**Task requirements:** Exclude the images and transcribe the entries below precisely.

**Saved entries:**

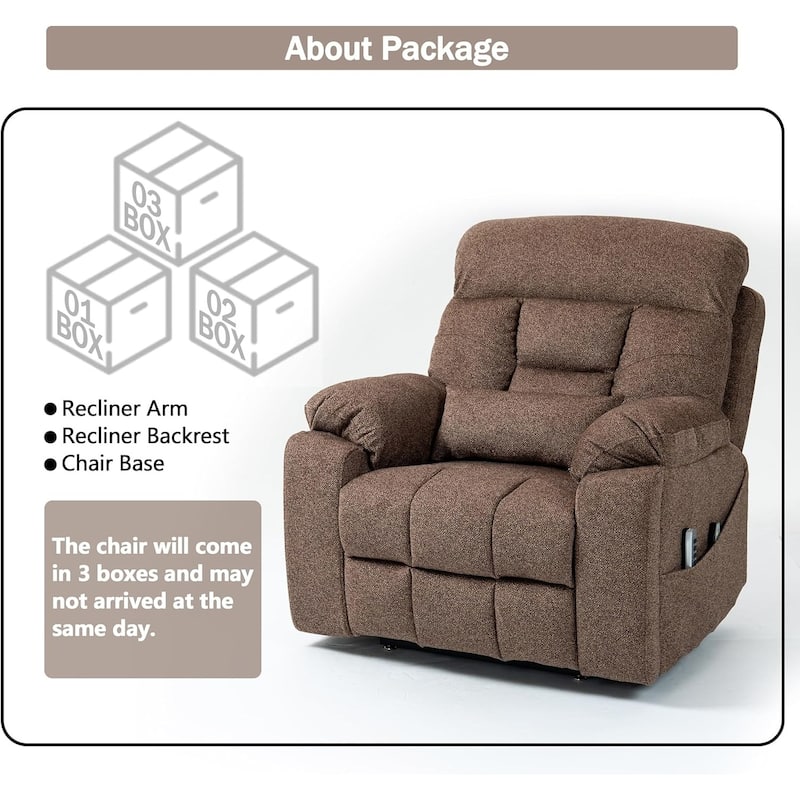 Luxury Electric Lift Recliner with Heat, Massage, 180° Recline, 4 OKIN Motors, Dual Remotes, and Cup Holders.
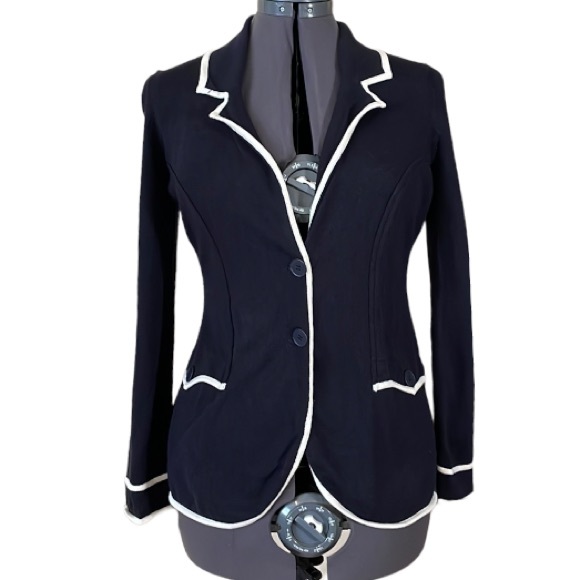 NIC+ZOE Jackets & Blazers - Nic + Zoe Navy and White Knit Cardigan Blazer Size Medium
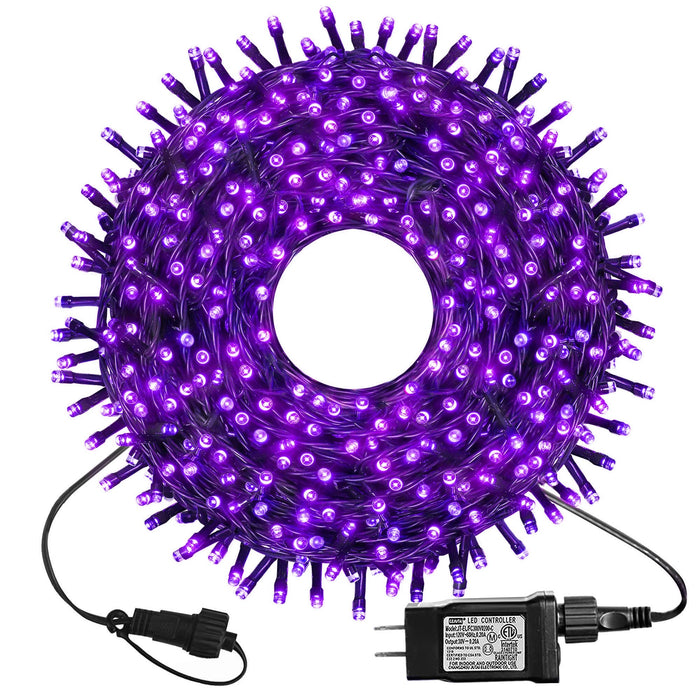 kemooie 300 LED Purple Halloween Lights, 99FT Connectable 8 Lighting Modes Plug in Fairy Lights, Waterproof for Outdoor, Halloween Christmas Wedding Party Garden Decorations (Purple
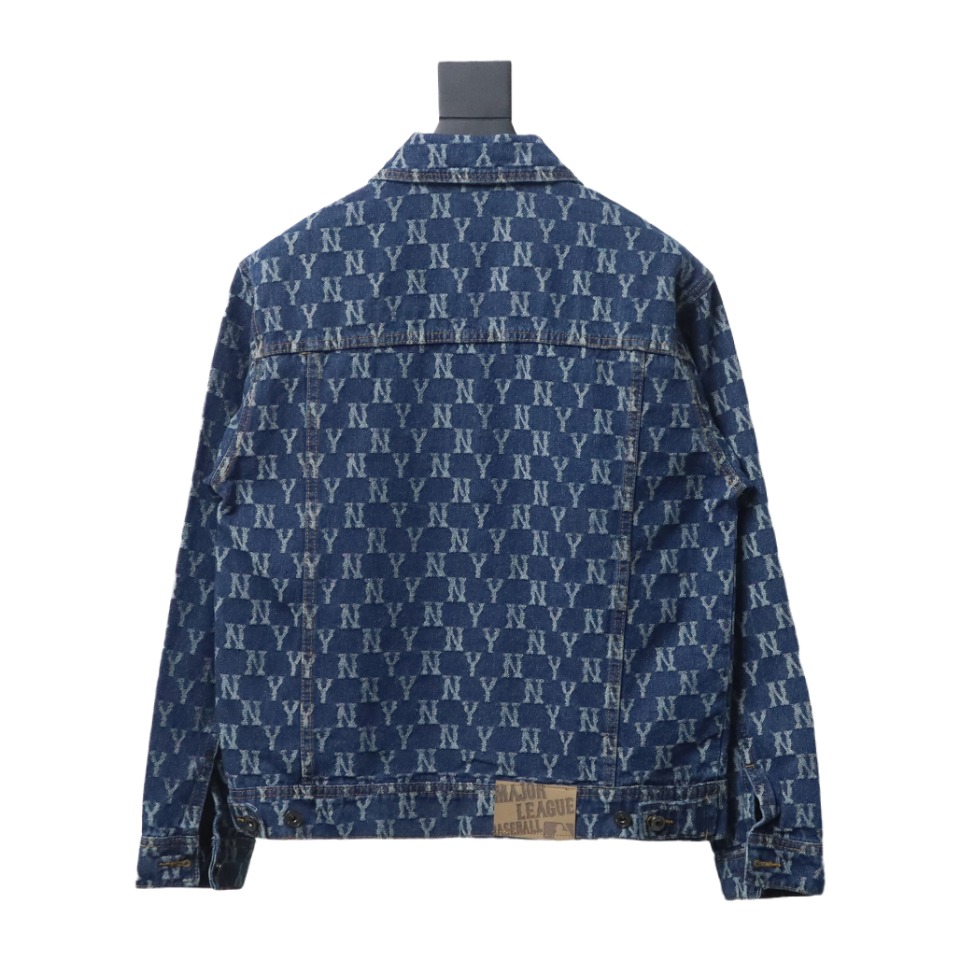 MLB Washed Denim Jacket with All Over Logo Blue
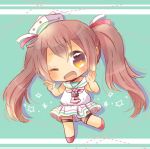  10s 1girl bare_shoulders brown_eyes brown_hair chibi dress full_body green_background hair_ribbon hat kantai_collection kouu_hiyoyo libeccio_(kantai_collection) long_hair looking_at_viewer lowres neckerchief one_eye_closed open_mouth ribbon sailor_dress smile solo standing striped_neckerchief twintails white_dress 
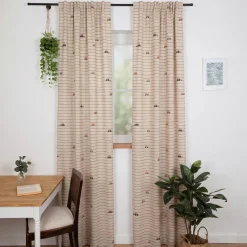 Vorhang Leinenlook Fahrzeuge Streifen natur bunt mit Smok-Schlaufenband 245x130cm (HxB) oder Wunschmaß von SCHÖNER LEBEN.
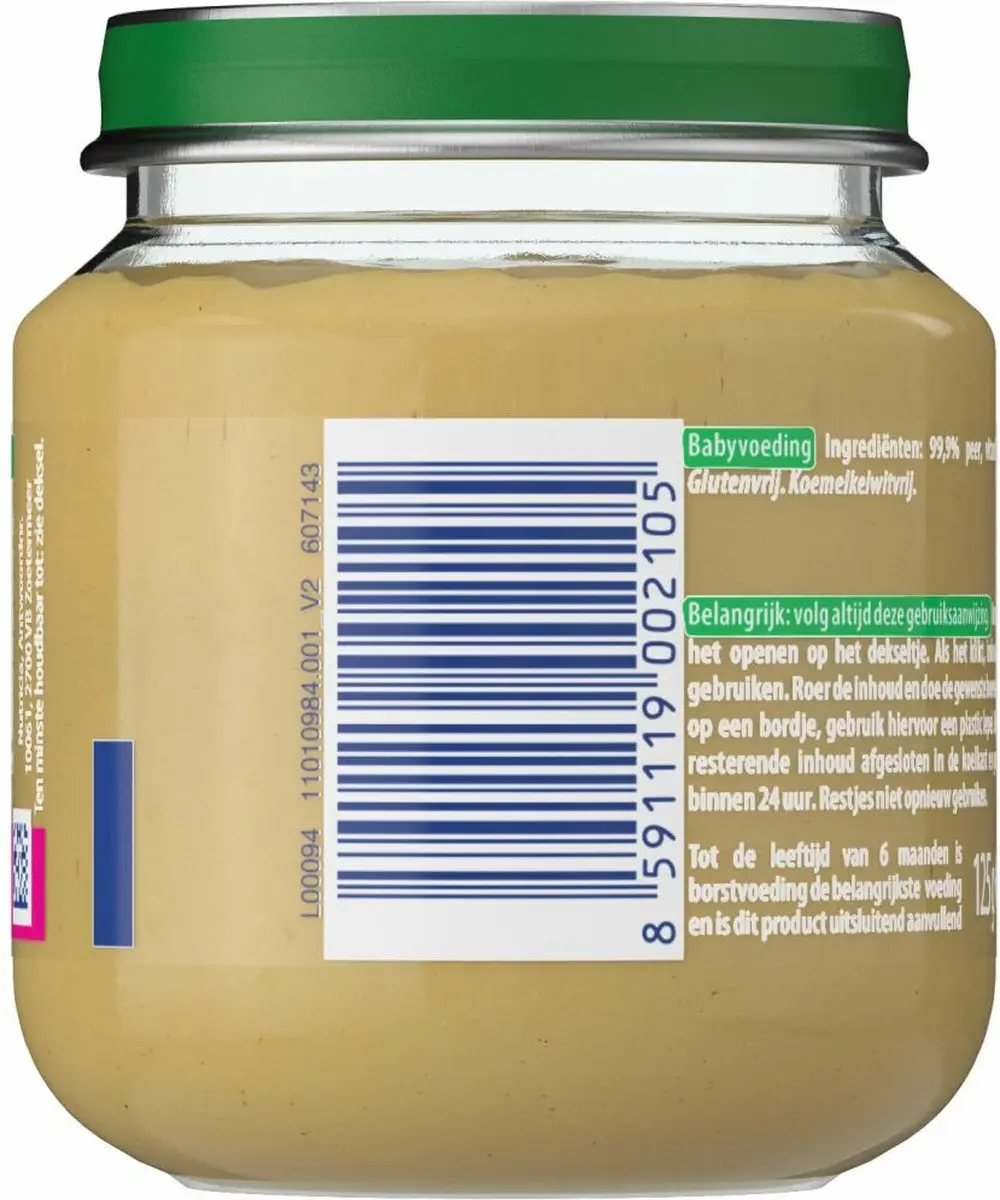 Olvarit 1e Fruithapje Peer - 125g - afbeelding 6 van 6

**Your response:**
 Luxury Electric Lift Recliner with Heat, Massage, 180° Recline, 4 OKIN Motors, Dual Remotes, and Cup Holders.
 NIC+ZOE Jackets & Blazers - Nic + Zoe Navy and White Knit Cardigan Blazer Size Medium
 kemooie 300 LED Purple Halloween Lights, 99FT Connectable 8 Lighting Modes Plug in Fairy Lights, Waterproof for Outdoor, Halloween Christmas Wedding Party Garden Decorations (Purple
 MLB Washed Denim Jacket with All Over Logo Blue
  10s 1girl bare_shoulders brown_eyes brown_hair chibi dress full_body green_background hair_ribbon hat kantai_collection kouu_hiyoyo libeccio_(kantai_collection) long_hair looking_at_viewer lowres neckerchief one_eye_closed open_mouth ribbon sailor_dress smile solo standing striped_neckerchief twintails white_dress 
 Vorhang Leinenlook Fahrzeuge Streifen natur bunt mit Smok-Schlaufenband 245x130cm (HxB) oder Wunschmaß von SCHÖNER LEBEN.
 Olvarit 1e Fruithapje Peer - 125g - afbeelding 6 van 6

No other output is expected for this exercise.